DATA EXTRACT:
━━━━━━━━━━

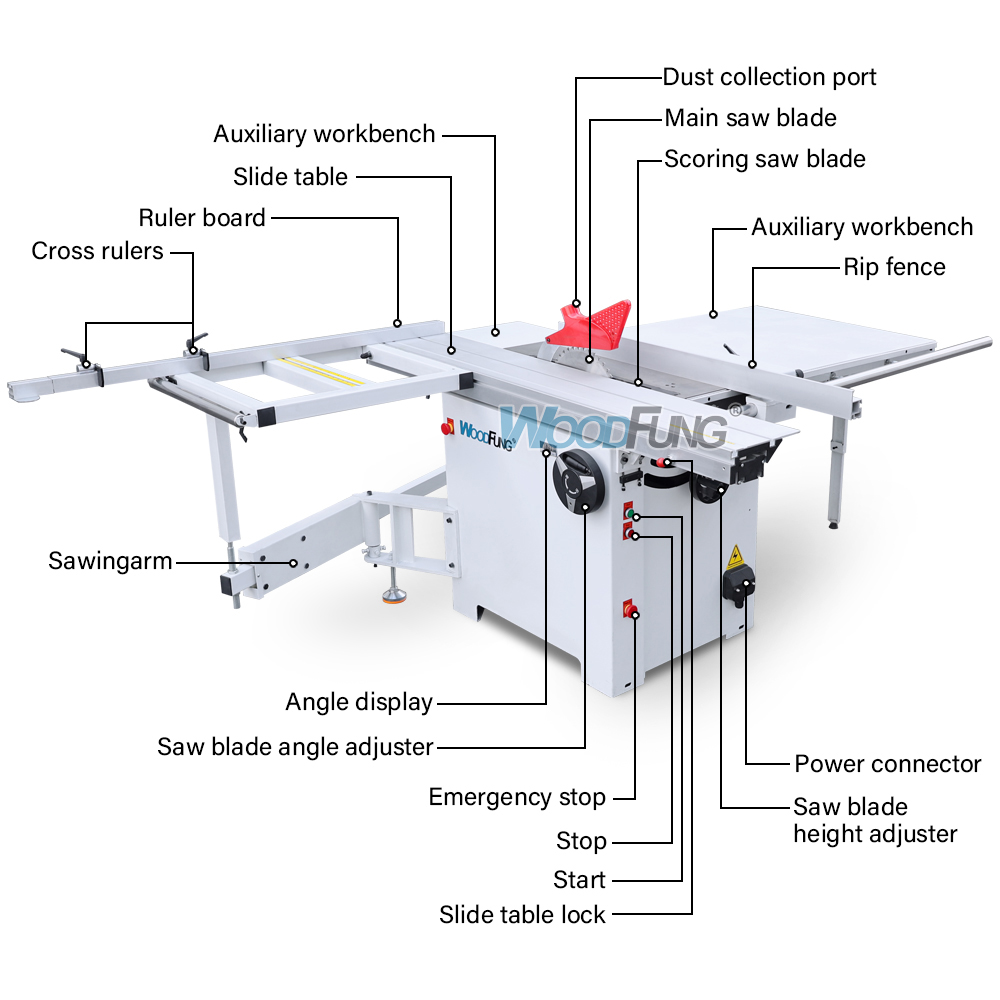 MJ-6116 1.6m sliding table panel saw with double blades for furniture making sliding table saw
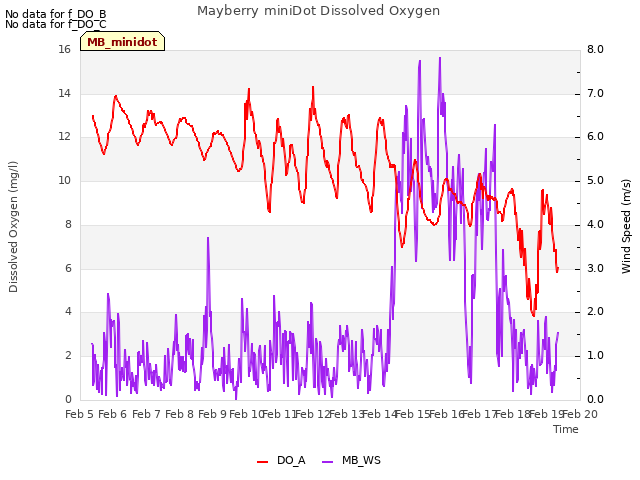 plot of Mayberry miniDot Dissolved Oxygen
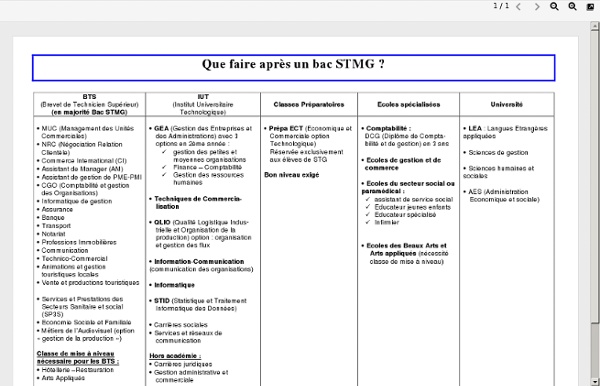 Que-faire-apres-un-bac-STMG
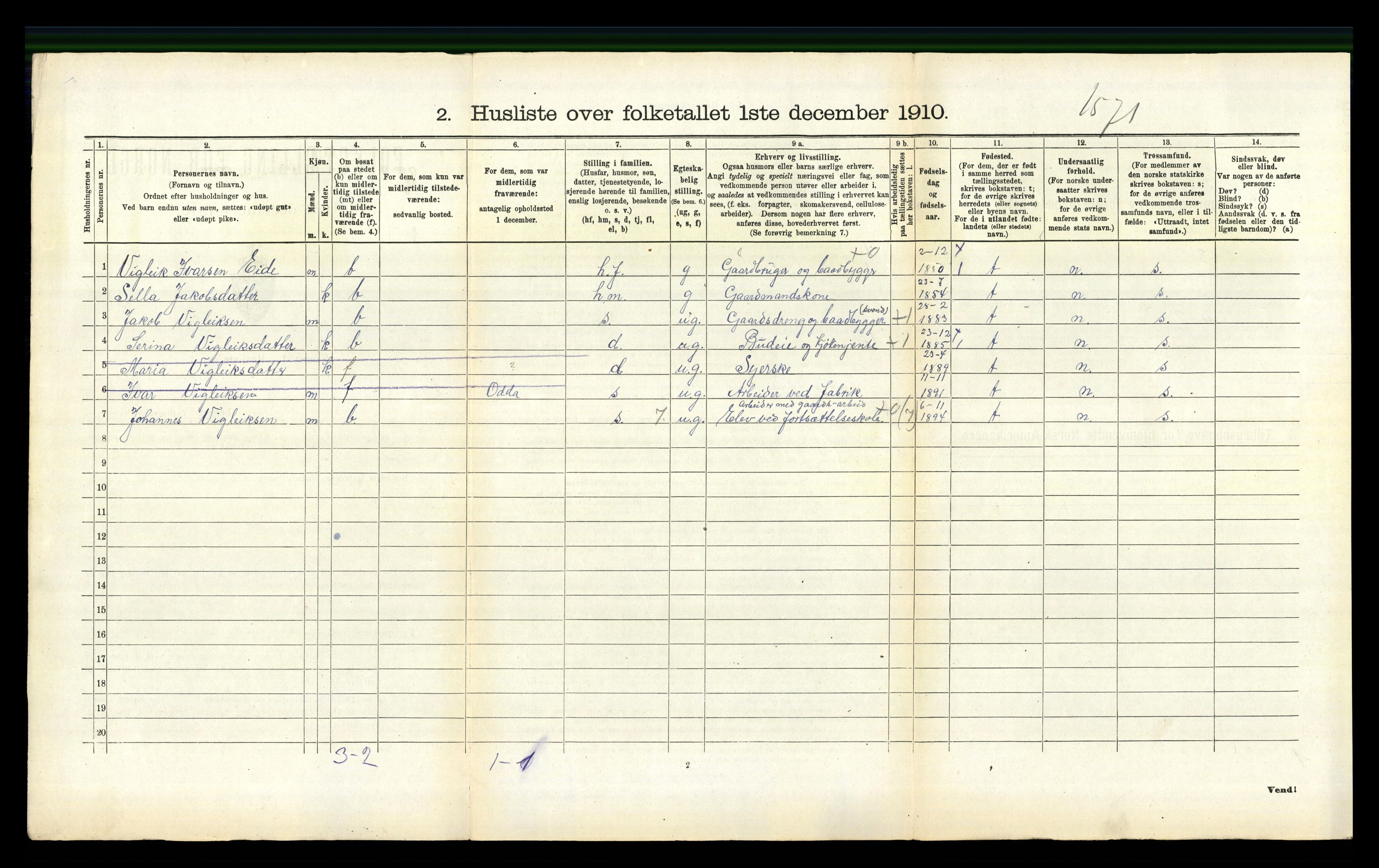 RA, 1910 census for Jondal, 1910, p. 637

━━━━━━━━━━

The listing above must be restated word for word. Its pictures are to be left out.

 MJ-6116 1.6m sliding table panel saw with double blades for furniture making sliding table saw
 plot of Mayberry miniDot Dissolved Oxygen
 Que-faire-apres-un-bac-STMG
 RA, 1910 census for Jondal, 1910, p. 637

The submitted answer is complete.